ACTIVITY: Wherever pictures appear in the listing below, leave them out, and copy exactly, and only, everything from the line with "Interior view of" down to the line with "1029 St Martin".

RECORDS FOR THIS TASK:
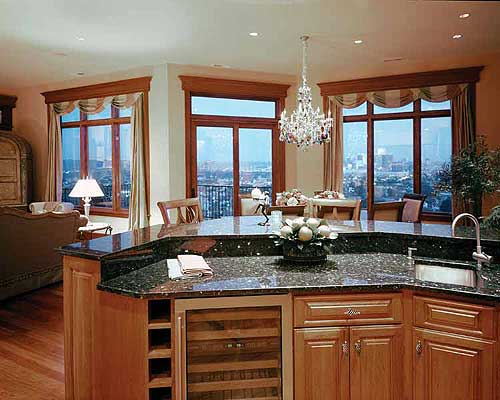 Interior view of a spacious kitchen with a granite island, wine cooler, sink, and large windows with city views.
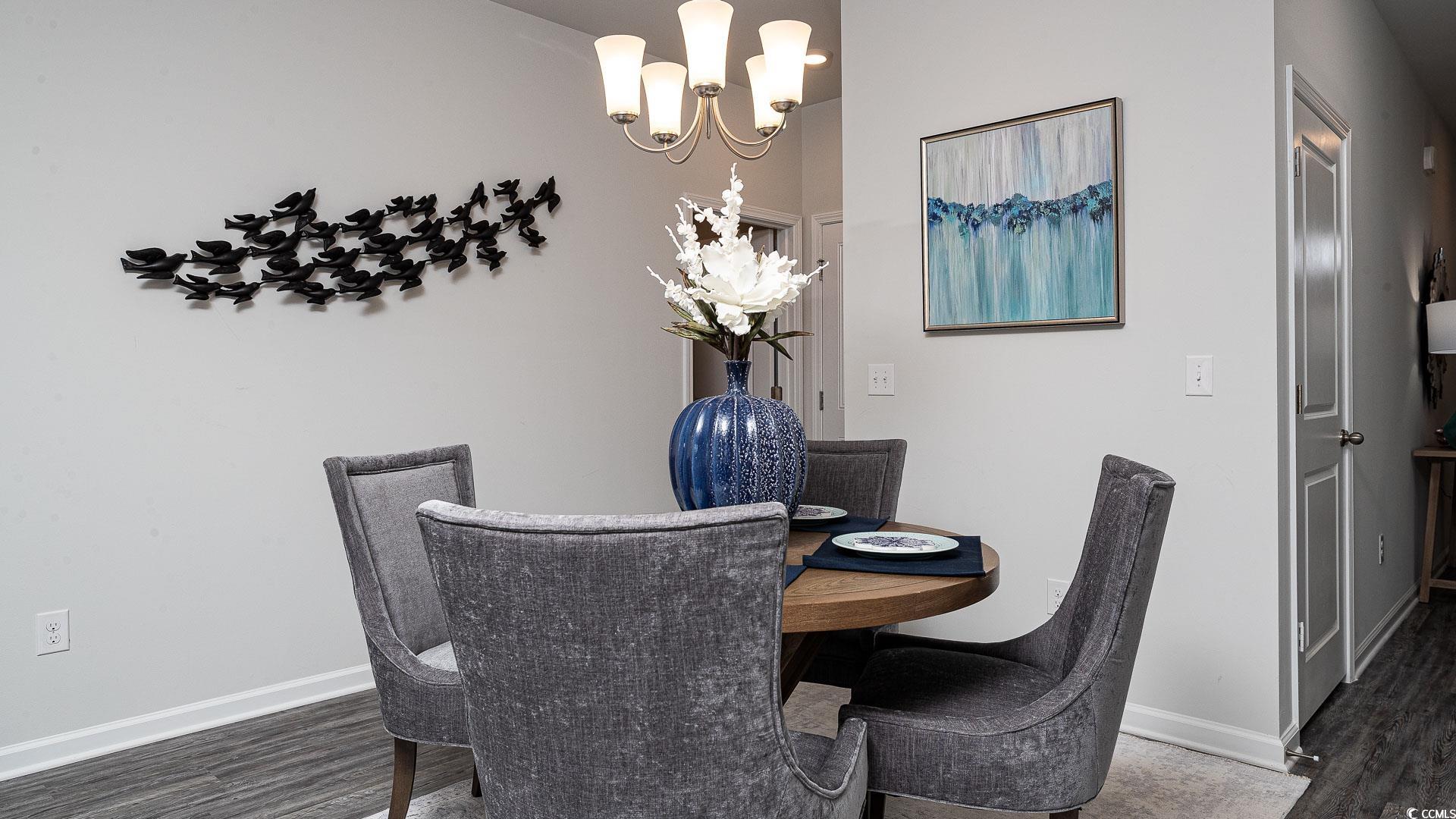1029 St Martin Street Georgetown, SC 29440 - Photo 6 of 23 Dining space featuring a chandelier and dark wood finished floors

==

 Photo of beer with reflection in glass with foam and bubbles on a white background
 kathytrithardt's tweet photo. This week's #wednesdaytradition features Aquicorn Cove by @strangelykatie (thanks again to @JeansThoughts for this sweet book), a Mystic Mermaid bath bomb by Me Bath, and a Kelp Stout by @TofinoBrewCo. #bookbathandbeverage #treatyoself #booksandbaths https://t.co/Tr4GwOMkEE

SOLUTION FOR THIS PROBLEM:
 Interior view of a spacious kitchen with a granite island, wine cooler, sink, and large windows with city views.
1029 St Martin Street Georgetown, SC 29440 - Photo 6 of 23 Dining space featuring a chandelier and dark wood finished floors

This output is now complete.